New approach: One-Plate Rule.
Monday’s plate: draft only the opening 200 words of the video. Not the whole script—just a first paragraph that didn’t make me roll my eyes.
Tuesday’s plate: sketch five ugly slides for the deck. No polish
Wednesday’s plate: one knee-friendly workout I could repeat (15 minutes, at home, zero bravado).
By Friday, the script had momentum, the deck had bones, and the workout felt doable. I didn’t win a championship. I just stopped lying to myself about what progress looks like.
Why the One-Plate Rule works
Clarity beats intensity. When you choose one outcome, the day takes on a distinct shape.
Momentum is a mood.
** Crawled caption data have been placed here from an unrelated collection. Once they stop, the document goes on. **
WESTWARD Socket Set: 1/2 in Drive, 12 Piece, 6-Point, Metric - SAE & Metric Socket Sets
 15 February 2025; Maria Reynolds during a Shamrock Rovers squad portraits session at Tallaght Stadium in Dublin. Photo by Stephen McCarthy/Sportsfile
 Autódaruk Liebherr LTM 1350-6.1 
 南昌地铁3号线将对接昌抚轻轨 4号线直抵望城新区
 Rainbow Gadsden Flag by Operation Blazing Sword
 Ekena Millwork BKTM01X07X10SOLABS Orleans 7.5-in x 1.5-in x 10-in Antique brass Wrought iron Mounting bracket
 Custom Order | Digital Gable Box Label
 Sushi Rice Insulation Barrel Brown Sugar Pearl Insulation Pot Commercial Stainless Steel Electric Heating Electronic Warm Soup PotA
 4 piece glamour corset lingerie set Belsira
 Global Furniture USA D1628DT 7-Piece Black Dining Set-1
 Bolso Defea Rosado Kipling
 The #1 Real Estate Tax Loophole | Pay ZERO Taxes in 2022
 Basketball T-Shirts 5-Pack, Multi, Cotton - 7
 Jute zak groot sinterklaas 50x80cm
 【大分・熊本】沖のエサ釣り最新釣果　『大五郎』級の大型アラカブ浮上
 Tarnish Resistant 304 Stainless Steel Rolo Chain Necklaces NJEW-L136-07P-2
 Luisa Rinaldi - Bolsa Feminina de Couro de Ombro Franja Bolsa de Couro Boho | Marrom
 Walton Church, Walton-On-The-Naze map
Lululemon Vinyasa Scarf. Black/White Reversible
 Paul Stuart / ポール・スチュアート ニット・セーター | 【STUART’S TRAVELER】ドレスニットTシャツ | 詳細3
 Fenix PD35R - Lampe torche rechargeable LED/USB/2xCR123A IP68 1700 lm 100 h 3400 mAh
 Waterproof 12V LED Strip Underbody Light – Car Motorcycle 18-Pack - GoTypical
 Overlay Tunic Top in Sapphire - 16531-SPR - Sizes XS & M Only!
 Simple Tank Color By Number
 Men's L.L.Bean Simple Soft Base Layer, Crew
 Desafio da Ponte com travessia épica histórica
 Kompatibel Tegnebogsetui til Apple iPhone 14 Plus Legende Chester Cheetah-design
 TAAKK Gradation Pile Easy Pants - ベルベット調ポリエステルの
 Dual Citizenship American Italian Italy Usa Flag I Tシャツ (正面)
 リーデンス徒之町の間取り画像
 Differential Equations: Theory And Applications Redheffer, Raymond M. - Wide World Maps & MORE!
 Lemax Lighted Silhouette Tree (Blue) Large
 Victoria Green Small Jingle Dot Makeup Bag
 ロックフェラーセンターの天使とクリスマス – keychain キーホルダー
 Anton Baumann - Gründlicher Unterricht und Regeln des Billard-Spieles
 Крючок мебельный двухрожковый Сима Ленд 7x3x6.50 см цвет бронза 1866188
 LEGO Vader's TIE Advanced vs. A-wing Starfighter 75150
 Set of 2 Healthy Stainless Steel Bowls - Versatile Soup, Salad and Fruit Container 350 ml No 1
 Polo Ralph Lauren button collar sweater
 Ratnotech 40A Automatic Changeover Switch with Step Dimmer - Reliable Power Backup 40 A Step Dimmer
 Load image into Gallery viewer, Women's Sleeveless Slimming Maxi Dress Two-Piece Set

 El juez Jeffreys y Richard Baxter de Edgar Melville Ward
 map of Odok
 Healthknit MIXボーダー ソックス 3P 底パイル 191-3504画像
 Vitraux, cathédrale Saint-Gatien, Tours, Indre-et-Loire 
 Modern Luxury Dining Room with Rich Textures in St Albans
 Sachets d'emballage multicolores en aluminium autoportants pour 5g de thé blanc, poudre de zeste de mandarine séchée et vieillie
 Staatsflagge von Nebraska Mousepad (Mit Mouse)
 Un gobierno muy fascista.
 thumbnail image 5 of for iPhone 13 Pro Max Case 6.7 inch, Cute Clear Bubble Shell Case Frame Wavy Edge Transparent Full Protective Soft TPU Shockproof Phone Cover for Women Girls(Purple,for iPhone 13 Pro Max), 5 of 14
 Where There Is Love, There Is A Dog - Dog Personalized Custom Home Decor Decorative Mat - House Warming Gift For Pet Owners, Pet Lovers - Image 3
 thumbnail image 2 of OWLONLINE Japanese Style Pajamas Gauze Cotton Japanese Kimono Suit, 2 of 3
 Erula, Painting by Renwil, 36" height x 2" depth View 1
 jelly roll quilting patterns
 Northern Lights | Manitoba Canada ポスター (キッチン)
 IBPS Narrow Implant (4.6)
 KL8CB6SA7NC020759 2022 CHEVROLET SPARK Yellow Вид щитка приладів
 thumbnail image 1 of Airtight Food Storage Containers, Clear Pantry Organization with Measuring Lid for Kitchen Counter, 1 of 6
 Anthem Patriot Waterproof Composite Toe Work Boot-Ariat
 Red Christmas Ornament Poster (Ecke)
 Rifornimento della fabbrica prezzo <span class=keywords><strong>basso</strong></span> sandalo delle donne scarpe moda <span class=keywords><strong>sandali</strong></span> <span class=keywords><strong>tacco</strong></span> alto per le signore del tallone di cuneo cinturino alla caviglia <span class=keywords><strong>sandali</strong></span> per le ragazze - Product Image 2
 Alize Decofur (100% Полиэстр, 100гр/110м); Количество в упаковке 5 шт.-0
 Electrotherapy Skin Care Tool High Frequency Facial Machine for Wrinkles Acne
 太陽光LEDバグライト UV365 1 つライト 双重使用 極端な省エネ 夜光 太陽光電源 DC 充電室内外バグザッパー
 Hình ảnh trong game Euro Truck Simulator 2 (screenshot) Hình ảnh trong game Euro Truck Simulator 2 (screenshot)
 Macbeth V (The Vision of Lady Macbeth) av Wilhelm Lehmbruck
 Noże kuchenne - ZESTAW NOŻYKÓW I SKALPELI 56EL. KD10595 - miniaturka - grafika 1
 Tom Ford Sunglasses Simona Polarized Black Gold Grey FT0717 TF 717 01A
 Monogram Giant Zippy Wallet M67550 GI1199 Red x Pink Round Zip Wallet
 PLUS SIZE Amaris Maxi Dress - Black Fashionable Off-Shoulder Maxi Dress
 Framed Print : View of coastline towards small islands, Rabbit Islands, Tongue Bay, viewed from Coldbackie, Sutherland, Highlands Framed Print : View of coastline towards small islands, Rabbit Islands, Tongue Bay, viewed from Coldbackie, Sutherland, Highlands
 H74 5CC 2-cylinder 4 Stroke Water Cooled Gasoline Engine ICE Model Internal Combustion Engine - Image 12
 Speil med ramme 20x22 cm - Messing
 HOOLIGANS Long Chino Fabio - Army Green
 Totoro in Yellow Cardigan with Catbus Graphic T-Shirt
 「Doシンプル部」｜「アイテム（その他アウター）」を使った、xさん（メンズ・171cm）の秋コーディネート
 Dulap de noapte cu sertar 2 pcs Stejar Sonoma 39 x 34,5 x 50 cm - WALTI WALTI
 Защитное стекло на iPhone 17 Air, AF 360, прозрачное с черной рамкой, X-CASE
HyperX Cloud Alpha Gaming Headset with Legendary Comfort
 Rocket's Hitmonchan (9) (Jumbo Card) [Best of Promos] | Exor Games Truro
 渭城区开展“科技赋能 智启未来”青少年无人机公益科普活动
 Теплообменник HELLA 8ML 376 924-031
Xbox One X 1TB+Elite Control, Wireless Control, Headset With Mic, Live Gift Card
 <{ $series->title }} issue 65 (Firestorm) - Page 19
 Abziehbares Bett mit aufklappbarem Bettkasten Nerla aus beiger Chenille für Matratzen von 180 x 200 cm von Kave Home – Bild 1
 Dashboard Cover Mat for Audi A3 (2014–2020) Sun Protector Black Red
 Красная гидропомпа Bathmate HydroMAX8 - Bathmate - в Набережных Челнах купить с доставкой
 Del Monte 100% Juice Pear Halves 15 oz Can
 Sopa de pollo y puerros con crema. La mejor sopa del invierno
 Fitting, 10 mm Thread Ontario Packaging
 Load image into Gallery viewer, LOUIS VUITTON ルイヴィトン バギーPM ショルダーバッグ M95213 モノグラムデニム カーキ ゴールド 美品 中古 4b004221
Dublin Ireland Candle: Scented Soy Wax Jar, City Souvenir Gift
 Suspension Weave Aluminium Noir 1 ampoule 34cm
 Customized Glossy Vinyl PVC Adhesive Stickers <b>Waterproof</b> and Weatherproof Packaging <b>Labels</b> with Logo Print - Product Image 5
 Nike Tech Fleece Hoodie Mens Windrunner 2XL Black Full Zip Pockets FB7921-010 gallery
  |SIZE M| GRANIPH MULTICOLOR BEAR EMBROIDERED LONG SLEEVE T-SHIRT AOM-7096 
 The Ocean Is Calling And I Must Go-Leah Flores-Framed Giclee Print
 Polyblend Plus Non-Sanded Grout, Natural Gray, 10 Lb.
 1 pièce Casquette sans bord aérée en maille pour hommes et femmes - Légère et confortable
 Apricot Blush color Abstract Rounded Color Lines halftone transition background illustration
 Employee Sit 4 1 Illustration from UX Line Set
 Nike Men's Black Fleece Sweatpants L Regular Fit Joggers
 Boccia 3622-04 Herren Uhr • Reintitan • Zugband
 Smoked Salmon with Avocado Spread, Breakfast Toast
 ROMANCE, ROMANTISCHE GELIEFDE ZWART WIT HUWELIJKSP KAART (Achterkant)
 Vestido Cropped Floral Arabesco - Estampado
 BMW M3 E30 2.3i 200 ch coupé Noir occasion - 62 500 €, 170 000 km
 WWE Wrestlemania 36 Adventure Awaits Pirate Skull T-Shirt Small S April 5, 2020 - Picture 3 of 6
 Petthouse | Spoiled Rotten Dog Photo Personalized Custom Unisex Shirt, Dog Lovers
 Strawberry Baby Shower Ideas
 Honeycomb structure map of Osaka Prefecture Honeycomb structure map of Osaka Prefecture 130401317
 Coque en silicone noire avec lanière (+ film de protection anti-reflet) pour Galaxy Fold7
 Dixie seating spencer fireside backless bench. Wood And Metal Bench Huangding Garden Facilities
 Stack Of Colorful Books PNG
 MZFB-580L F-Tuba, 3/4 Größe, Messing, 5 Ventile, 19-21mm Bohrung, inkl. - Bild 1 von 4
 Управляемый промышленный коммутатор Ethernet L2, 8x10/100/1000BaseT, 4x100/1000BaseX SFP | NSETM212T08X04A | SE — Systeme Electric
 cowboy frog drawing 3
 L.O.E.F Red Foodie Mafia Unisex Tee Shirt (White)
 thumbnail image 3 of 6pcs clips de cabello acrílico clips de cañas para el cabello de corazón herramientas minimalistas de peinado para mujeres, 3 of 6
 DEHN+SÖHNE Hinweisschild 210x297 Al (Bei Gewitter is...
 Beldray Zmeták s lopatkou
Finishing something small changes how you feel about the next thing.
Your brain loves closure. “Done” is a reward. Stack enough and your week feels different.
Three fresh examples of why the ‘plate’ technique works?
1) The “30-Minute Book”
A friend wanted to start a book but kept tinkering with the perfect outline. We made a deal: 30 minutes a day, one scene card. In two weeks, she had 14 cards and a voice she trusted.
2) The “Podcast in Pieces”
Another creator I know never shipped episodes because editing felt endless. He changed the plate: Day 1—intro and outro only. Day 2—choose three clips. Day 3—publish, even if the middle was rough. Listeners didn’t care about the roughness; they cared that the episodes came out.
3) The “Quiet Declutter”
A neighbor cleared a chaotic garage with a five-item rule: five things a day—trash, donate, or keep. Six weeks later, he parked a car in there for the first time in years.
How to try it tomorrow morning:
Name one outcome that would make the day honest.
Example: “Record the first 90 seconds,” “Clean the top shelf,” “Send the pitch email.”
Make the first step tiny and visible.
Open the script and write two sentences.
Put a donation box by the door.
Paste the email subject line into your draft.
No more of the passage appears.